(Beginning of Records for this task)

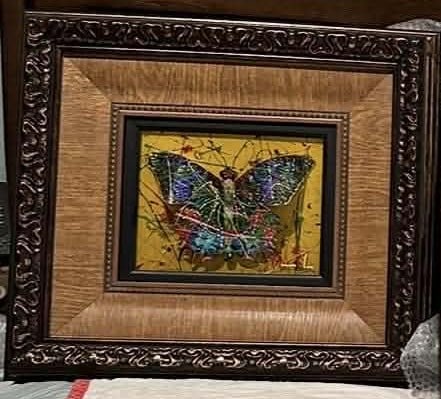 Marcus Glenn A Little Change Goes A Long Way (Yellow): Marcus GLenn "A Little Change Goes A Long Way (yellow)" 8" x 10" image size Mixed media painting with resin on wood. Hand-signed in pigment lower left by the artist Signed on the verso. A unique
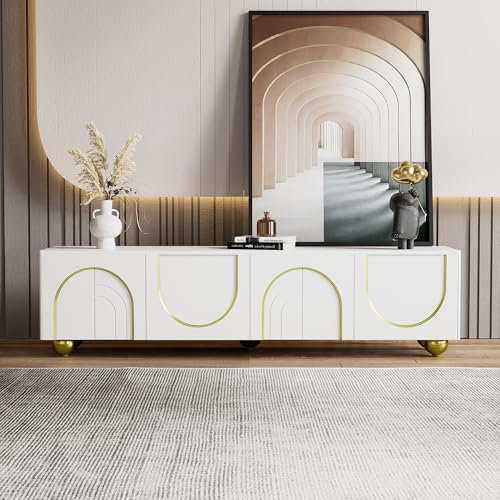 BTM Meuble TV Blanc, Meuble TV en Rotin avec Rangement Décorations Dorées et Pieds Ronds Dorés, Banc TV de Salon avec Portes Structurées, Push-to-Open, 170x38x44 cm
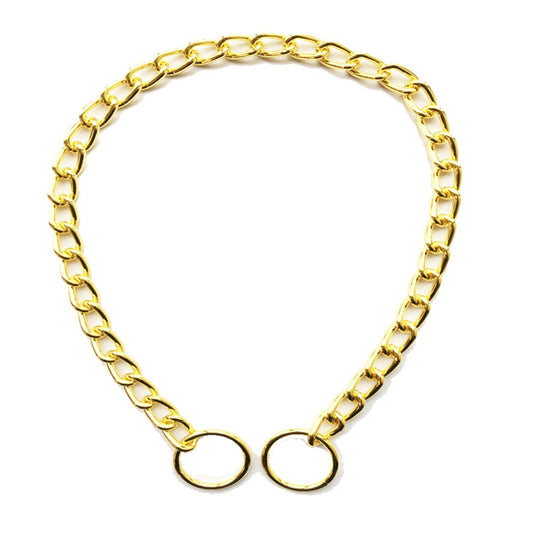 Heavy-Duty Metal Chain Dog Collar | Durable Gold & Silver Cuban Link Slip Choke Collar for All Dog Sizes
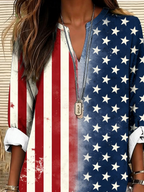 Women's Long Sleeve Blouse Spring/Fall As Picture America Flag Printing Cotton-Blend V Neck Daily Going Out Casual Top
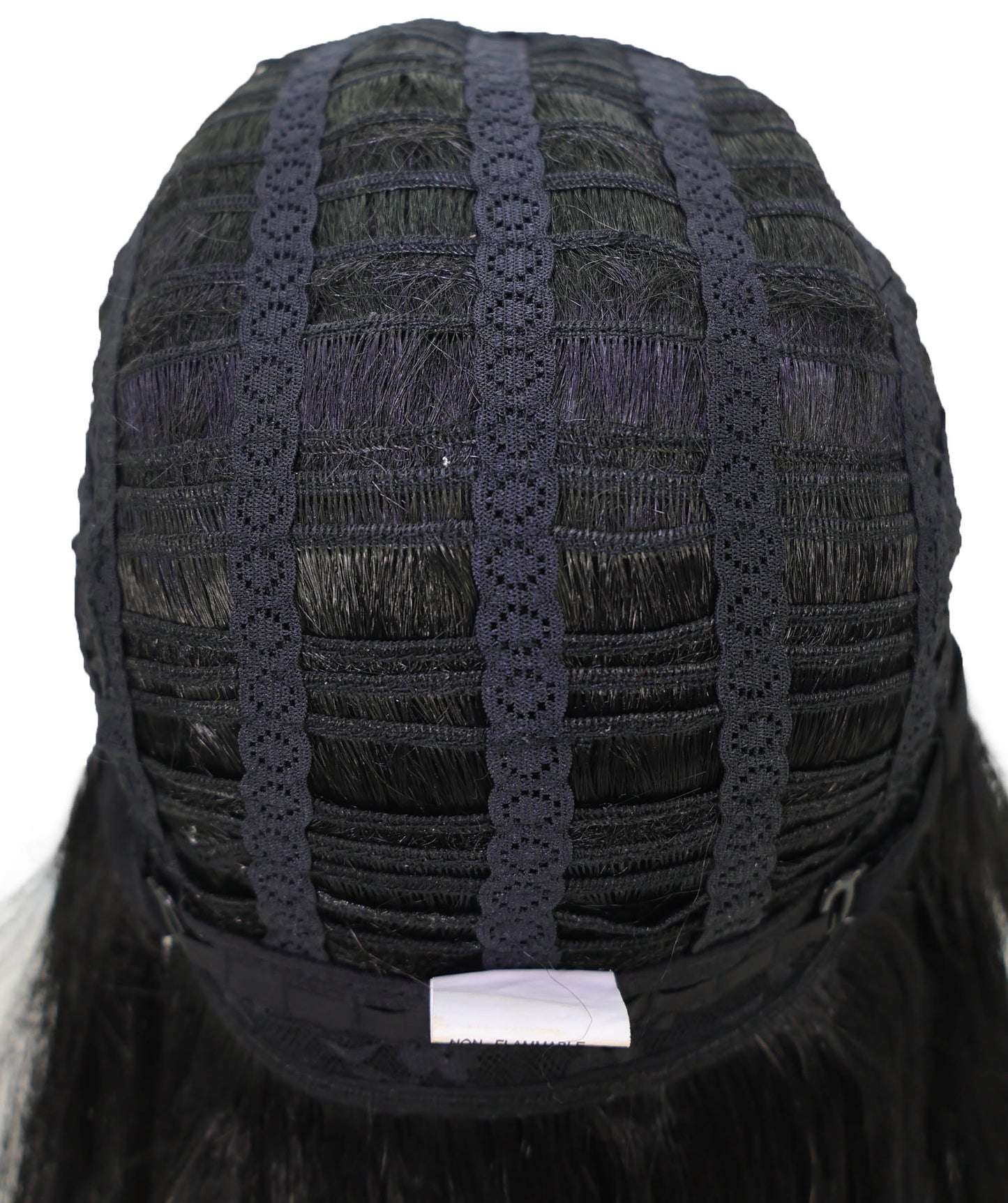 Wigs2you C-139 女性用23インチ ウォリアーバンウィッグ ブラック 難燃性合成毛 トップノット付き 調節可能なキャップレスフィット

(End of Records for this task)

-- Instructions to follow --
From the first line to the last, output the data exactly; skip any pictures.

-- Problem solution --
 Marcus Glenn A Little Change Goes A Long Way (Yellow): Marcus GLenn "A Little Change Goes A Long Way (yellow)" 8" x 10" image size Mixed media painting with resin on wood. Hand-signed in pigment lower left by the artist Signed on the verso. A unique
 BTM Meuble TV Blanc, Meuble TV en Rotin avec Rangement Décorations Dorées et Pieds Ronds Dorés, Banc TV de Salon avec Portes Structurées, Push-to-Open, 170x38x44 cm
 Heavy-Duty Metal Chain Dog Collar | Durable Gold & Silver Cuban Link Slip Choke Collar for All Dog Sizes
 Women's Long Sleeve Blouse Spring/Fall As Picture America Flag Printing Cotton-Blend V Neck Daily Going Out Casual Top
 Wigs2you C-139 女性用23インチ ウォリアーバンウィッグ ブラック 難燃性合成毛 トップノット付き 調節可能なキャップレスフィット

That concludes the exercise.